The winds blowing 15 miles or even farther off the U.S. coasts potentially could produce 900,000 megawatts of electricity, or roughly the same amount as nearly all the nation's existing power sources combined, according to Department of Energy estimates.

Being able to double power output should help, don't you think?
 
During the period in which financial support for solar energy was growing and a "windfall tax" on the profits of the oil industry was imposed, the proponents of big oil were gathering their own resources on Capitol Hill. Political action committees (PACs) that were affiliated with oil and gas interests began to sprout and, from 1977 to 1979, they contributed over $2.6 million to House and Senate candidates. A report by Alan Berlow and Laura Weiss in Congressional Quarterly concluded that most of the money went to candidates "with strong pro-industry voting." Support for alternative energy took a downward spiral when Ronald Reagan (a former spokesperson for General Electric) was elected U.S. president and became a staunch ally of corporate America.

By the late 1970s, oil companies had bought out many of the patents for photovoltaic cells, and corporate giants like Atlantic Richfield, Amoco, Exxon, and Mobil took control of solar power companies. This trend would lead Alfred Dougherty, former director of the Federal Trade Commission's bureau of competition to warn, "If the oil companies control substantial amounts of substitute fuels ... they may slow the pace of production of alternative fuels in order to protect the value of their oil and gas reserves." Edwin Rothschild, a spokesperson for the Citizen Energy Labor Coalition, was concerned that the big oil companies "see solar power as a competing source of energy, and they want to control it and slow it down." However, ownership of solar technology by big oil was only the first step in the methodical dismantling of the alternative energy renaissance.

Source: http://findarticles.com/p/articles/mi_m1374/is_5_60/ai_65133031

We are hearing today even "alternatives are still a long way off". No, they're not. They haven't been for decades. And you're not fooling us anymore.

Bring our troops home.
 
"Competing sources of energy...they want to control it, slow it down..."

We're supposed to buy that installing solar panels, wind turbines or putting a pipe into a thermal vent is some futuristic sci-fi fantasy that needs to be bridged-over to.

But expensive, complex offshore oil rigs in numbers, in rough seas? Lots of risky superstructure nuclear plants?

Yeah, we can get those up next week.. :cool:

Imagine if the money spent by the U.S. government on foreign aid and by oil corporations on fossil fuel exploration were invested on the development of alternative fuels. Apparently loyalty to fossil fuels is too deep. According to a recent analysis by the Congressional Research Service, reported in the March/April issue of Mother Jones, seventy-seven cents of every energy research dollar from 1973 to 1997 went to nuclear and fossil fuels; just fourteen cents went to alternative energy.
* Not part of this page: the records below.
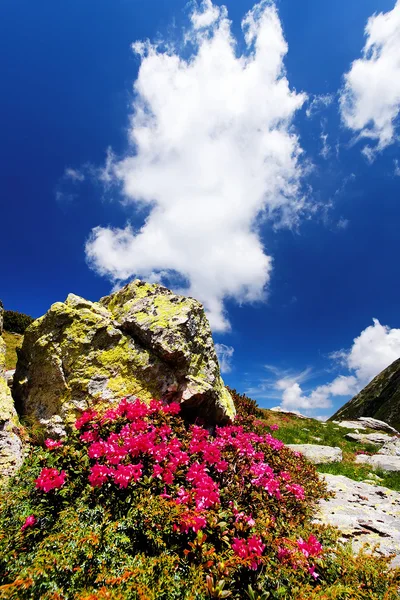 Mountain flowers in National Park Retezat, Romania — Stock Photo, Image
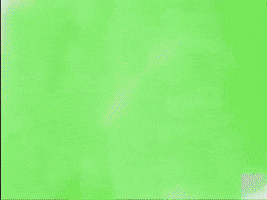 GIF by LincolnMellowMushroom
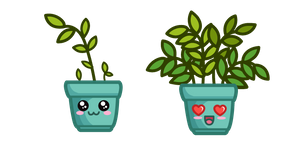Cute Pot with Plant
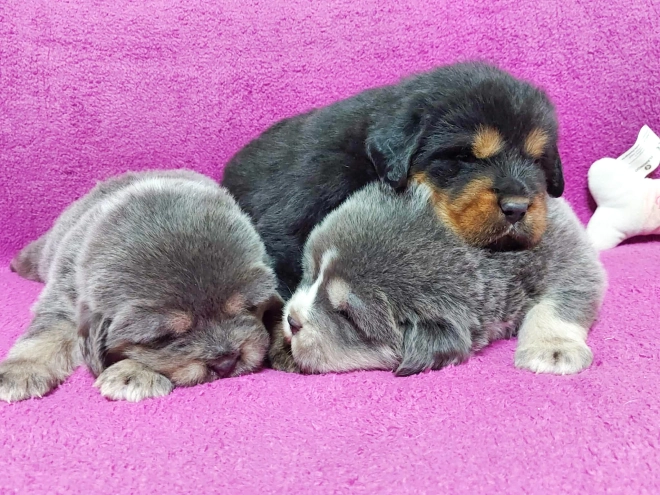 Perros Mastín Tibetano en venta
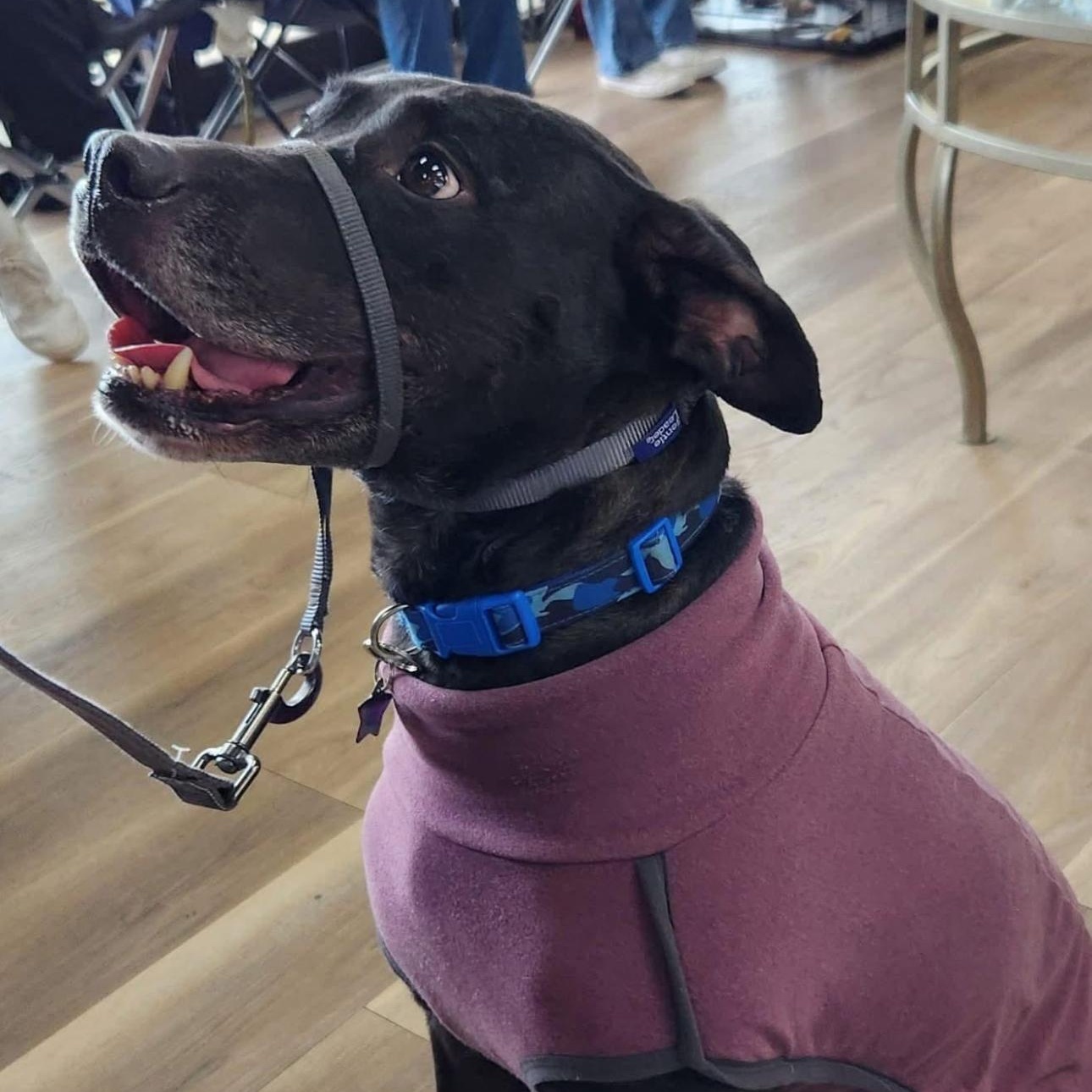 6916 Bruno, a Adoptable mixed breed in Springfield, MO image 2/6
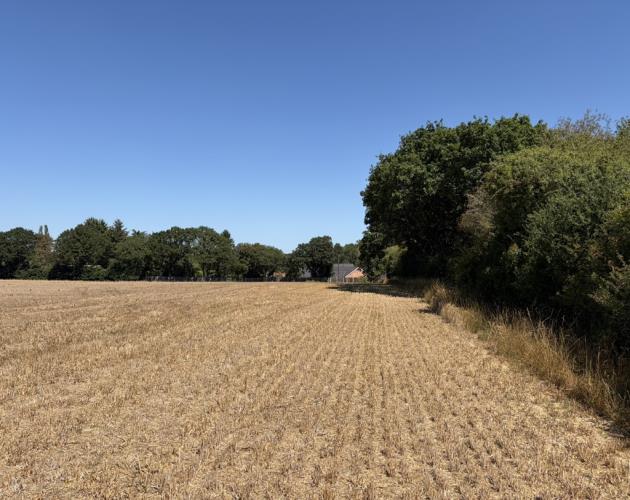 Lot 2 - Land At Costessey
Source: http://findarticles.com/p/articles/mi_m1374/is_5_60/ai_65133031/pg_3?tag=artBody;col1
 
Same article, Page 2:

The lack of support for the development of alternative energy continued despite the findings of a study released in 1980 by the National Academy of Sciences at the request of the Energy Research and Development Administration. The study concluded that "a costly push by the government would lead to rapid growth in solar-related energy sources" and, if this occurred, "renewable energy sources could account for a quarter or more of the nation's energy needs within thirty years." Instead, the Reagan administration preferred to rapidly expand military aid and sent billions of dollars to foreign countries. It also greatly increased the federal budget for the research and production of atomic weapons.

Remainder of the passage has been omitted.